EXERCISE REQUIREMENTS:
Transcribe exactly the lines that fall between the one holding "19th Century drum" and the one holding "На продажу: $675,000", inclusive, from the entries below.
** Opening EXERCISE MATERIALS block **
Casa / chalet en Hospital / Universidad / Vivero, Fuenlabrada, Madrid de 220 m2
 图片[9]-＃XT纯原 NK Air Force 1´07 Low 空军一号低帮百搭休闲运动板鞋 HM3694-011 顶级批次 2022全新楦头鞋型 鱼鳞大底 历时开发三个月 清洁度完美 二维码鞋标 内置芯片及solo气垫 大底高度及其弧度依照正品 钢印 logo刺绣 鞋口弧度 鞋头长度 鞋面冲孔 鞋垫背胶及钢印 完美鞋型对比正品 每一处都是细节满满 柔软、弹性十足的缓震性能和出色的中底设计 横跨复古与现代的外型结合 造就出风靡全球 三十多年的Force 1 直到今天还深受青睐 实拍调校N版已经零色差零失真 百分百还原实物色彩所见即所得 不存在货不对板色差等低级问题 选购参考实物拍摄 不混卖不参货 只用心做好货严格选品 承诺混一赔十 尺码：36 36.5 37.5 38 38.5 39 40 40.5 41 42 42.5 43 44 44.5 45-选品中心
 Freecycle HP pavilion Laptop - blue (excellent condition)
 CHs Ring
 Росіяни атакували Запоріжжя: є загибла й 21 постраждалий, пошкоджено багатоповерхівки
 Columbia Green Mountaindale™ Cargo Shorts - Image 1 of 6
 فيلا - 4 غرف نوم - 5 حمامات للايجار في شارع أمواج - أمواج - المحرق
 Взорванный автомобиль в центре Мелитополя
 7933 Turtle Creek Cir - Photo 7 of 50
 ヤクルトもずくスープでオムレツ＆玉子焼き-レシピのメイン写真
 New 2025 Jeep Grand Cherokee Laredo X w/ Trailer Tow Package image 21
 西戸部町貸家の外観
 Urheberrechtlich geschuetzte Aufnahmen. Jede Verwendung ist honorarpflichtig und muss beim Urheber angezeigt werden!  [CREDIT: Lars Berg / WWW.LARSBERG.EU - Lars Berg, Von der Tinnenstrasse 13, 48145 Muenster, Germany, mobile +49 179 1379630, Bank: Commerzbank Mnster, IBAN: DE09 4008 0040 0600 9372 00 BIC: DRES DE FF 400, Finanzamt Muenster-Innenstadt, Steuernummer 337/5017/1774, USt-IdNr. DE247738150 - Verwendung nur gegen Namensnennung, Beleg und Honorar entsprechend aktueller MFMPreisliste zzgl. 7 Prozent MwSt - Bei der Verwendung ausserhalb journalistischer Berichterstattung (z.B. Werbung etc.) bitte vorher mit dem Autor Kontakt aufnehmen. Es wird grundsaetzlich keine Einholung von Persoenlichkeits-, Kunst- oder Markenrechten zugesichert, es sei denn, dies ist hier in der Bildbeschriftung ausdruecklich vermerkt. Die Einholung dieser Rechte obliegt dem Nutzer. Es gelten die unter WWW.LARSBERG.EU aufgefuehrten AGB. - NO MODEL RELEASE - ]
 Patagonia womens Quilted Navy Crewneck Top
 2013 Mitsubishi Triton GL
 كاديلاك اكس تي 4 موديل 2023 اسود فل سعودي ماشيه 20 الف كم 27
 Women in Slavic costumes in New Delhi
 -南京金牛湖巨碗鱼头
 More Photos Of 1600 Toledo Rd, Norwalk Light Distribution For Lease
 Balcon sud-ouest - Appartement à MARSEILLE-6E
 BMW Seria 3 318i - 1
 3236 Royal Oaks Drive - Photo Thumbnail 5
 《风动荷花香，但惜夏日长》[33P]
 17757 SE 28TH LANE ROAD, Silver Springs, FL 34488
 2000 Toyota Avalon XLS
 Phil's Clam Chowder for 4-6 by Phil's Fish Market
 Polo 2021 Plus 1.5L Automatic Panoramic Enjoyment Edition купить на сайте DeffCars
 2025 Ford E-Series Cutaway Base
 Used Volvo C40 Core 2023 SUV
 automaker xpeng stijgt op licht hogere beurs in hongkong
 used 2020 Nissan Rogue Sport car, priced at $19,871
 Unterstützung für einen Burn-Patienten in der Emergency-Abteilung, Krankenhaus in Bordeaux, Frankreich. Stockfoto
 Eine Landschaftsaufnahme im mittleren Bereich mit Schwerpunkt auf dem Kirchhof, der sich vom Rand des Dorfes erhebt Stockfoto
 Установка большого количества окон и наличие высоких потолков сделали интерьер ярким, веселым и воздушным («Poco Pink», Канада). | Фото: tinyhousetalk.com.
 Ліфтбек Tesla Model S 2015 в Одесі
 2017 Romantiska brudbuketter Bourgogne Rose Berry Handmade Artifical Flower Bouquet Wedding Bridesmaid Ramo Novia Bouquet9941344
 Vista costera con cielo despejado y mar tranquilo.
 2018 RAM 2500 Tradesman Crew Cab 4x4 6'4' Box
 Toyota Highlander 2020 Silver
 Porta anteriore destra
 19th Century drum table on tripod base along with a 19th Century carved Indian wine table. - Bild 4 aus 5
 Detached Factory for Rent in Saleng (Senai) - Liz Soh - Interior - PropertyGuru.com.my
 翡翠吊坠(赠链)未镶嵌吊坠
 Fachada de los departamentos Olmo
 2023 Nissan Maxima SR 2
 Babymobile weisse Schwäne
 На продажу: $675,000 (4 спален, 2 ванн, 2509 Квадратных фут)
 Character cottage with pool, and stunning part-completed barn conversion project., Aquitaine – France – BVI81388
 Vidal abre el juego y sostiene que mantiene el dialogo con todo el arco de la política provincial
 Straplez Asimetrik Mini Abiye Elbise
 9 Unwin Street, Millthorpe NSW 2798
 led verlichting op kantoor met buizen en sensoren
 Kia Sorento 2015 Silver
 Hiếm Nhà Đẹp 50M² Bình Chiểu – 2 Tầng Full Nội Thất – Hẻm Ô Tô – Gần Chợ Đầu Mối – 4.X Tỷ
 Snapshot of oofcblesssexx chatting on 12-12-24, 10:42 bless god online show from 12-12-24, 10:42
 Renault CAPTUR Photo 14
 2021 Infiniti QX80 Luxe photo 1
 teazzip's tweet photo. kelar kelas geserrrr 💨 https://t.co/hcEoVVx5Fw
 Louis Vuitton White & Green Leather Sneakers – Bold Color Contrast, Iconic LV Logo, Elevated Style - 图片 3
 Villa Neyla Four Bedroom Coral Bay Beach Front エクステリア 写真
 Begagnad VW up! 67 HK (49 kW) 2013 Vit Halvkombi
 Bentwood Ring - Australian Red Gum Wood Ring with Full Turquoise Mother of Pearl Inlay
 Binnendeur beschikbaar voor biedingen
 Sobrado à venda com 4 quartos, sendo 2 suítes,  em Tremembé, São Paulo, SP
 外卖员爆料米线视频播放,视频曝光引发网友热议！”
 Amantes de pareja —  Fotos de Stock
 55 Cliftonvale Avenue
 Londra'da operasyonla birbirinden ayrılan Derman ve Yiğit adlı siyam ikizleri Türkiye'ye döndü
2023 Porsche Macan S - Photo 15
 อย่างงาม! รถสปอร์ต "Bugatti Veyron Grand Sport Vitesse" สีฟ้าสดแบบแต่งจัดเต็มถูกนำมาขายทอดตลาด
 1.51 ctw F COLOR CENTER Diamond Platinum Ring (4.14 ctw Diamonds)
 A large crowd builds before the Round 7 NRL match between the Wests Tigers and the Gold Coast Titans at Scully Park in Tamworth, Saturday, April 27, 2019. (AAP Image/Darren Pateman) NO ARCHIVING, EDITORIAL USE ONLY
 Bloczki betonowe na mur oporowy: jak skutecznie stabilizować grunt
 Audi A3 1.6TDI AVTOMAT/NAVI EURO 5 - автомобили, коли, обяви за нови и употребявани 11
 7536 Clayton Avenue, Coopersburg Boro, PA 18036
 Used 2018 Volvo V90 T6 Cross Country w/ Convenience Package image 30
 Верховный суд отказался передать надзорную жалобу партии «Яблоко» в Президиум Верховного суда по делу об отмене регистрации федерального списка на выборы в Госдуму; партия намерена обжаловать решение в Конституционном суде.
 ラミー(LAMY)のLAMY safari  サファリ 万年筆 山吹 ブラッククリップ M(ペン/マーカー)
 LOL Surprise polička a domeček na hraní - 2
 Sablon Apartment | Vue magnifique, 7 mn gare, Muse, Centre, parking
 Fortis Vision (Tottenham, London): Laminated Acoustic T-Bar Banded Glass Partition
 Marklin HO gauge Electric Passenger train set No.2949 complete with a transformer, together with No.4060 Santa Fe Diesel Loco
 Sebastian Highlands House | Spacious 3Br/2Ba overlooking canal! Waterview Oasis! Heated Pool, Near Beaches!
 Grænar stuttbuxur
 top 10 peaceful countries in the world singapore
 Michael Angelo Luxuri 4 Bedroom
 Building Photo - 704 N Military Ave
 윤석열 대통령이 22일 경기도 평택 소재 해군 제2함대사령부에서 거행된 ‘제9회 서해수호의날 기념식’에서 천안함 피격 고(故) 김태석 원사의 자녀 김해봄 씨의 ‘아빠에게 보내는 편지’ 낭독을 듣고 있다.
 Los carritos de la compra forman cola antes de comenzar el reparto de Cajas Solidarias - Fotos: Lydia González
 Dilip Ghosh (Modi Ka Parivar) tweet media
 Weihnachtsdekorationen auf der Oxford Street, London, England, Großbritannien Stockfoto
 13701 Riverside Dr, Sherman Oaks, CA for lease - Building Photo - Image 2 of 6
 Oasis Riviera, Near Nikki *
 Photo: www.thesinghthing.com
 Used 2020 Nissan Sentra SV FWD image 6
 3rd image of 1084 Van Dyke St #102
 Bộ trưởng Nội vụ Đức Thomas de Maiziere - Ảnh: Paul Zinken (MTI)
** Closing EXERCISE MATERIALS block **
RESPONSE TO THIS TASK:
 19th Century drum table on tripod base along with a 19th Century carved Indian wine table. - Bild 4 aus 5
 Detached Factory for Rent in Saleng (Senai) - Liz Soh - Interior - PropertyGuru.com.my
 翡翠吊坠(赠链)未镶嵌吊坠
 Fachada de los departamentos Olmo
 2023 Nissan Maxima SR 2
 Babymobile weisse Schwäne
 На продажу: $675,000 (4 спален, 2 ванн, 2509 Квадратных фут)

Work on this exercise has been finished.